Even if companies standardized their BI in just one platform, they can face data silos. The risk of that is especially high when corporations standardize BI and reporting with departmental BI solutions.

lack of business communication standards

All too often, reports fall somewhere between messy spreadsheets and dashboards, full of poorly labeled and inappropriate charts, that simply do not get the message across to the decision-makers.
Organizations create countless reports and presentations on a daily basis. They are in all different formats, lengths, shapes and colors, depending on preferences of the person who prepares them. It ends up in poor presentation of the data which is hard to read and wastes time.

It is therefore very important for organizations to consider consolidating BI, reporting, and communication standards otherwise there can be negative impact on business judgment due to inconsistent information, and much higher total cost of ownership (TCO) for BI tools than is necessary.


Red flags

There are several warning indicators signaling that your company is also one of the many using multiple business intelligence (BI) tools for reporting and analysis throughout your enterprise that are more or less obvious.

The “Red flags” include:
  • Business people use spreadsheets to adjust the numbers to be correct in their own reports.
  • Business people debating the correct numbers coming from different reports.
  • Data shadow systems or spreadmarts built to support reporting and analysis for entire business groups-
  • Multiple pockets of IT resources developing, deploying, maintaining, upgrading, and growing skills in different BI tools.
  • Debates what data, metrics, and algorithms should be used for particular reports.
  • Long delays in creating or modifying BI applications.
  • Redundant or conflicting efforts.
  • Overlapping hardware and infrastructure.
  • The inability to develop deep BI skills.
  • Business users spending more of their time gathering data than analyzing information.
  • Information quality compromised by inconsistent implementation of business metrics, rules and transformations.
  • Different standards are used to represent data, metrics, and algorithms in the reports.


BI environment assessment

If you are experiencing any of these red flags, then you should conduct a BI (reporting and analytics) survey of your enterprise or a more formal BI assessment. In fact, you should do this even if you do not think you have any of the above listed red flags. Chances are you do and you will find them during the assessment. Often, because of implementation of BI projects in a tactical fashion in different departments or because applications include bundled BI tools. The enterprise can’t solve these problems, because they are not visible to them, so you may be surprised at the number of them.

In order to determine what is the health of your BI system, start with your corporate IT group. They will have a list, and may actually be the support team, for a block of BI reporting and analysis. It is also likely that they are aware of some of the red flags because they were asked at one time or another to provide data or assistance for various departmental BI related problems.

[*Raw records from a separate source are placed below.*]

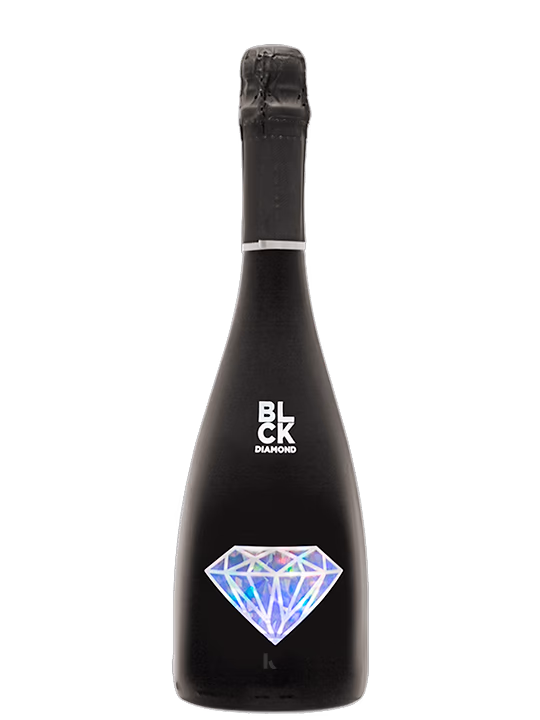 Imperator Imperator Black Diamond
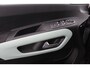 Citroën Berlingo XL 1.2 Shine | Camera | Head-up | DAB | Distr. vervangen |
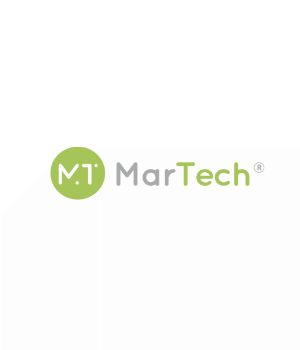 eCommerce Solutions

However, do not rely solely on the corporate IT group, but reach out to the various business organizational groups or business processes to discover what is their experience with reporting and analysis. If they are using various applications, determine how businesspeople get their reporting or analysis done. Go beyond traditional BI tools, and figure out where the data shadow systems are, who uses them, and what information is processed.

The best practice is to assess the impact of each BI application. This assessment needs to include: 
  • the number of users and their titles; 
  • the type of analysis performed; 
  • the type of data that’s used and 
  • list of business critical reports and analysis
  • how long the application has been in use. 

On the corporate level, the matrix of all overlapping reports and applications should be prepared.

Once you have completed an enterprise BI survey, you are in a position to understand the extent, effectiveness, costs and benefits associated with each pocket of BI tool usage. You need to treat the BI applications as an entire BI portfolio to honestly appraise your results from an enterprise perspective.


Existing or New BI Portfolio

An examination of the BI portfolio helps determine what is worth considering and what to leave alone. Most corporations do not have the resources or time to migrate all applications to one standard BI platform, so it’s worth weeding out those applications that are not significant enough to demand further attention. Applications with only a small set of users that do not change much or do not support an “important” business process may be left as legacy applications.

After the preliminary selection, consider the remaining BI applications part of your enterprise BI portfolio and review them in further detail to determine the transition or migration costs. Calculate the enterprise TCO and migration costs to determine the viability and ROI from a BI consolidation project. Although it’s difficult to quantify, it’s essential that the cost/benefit impacts of data consistency, business/IT productivity and governmental/industry compliance be a part of these calculations.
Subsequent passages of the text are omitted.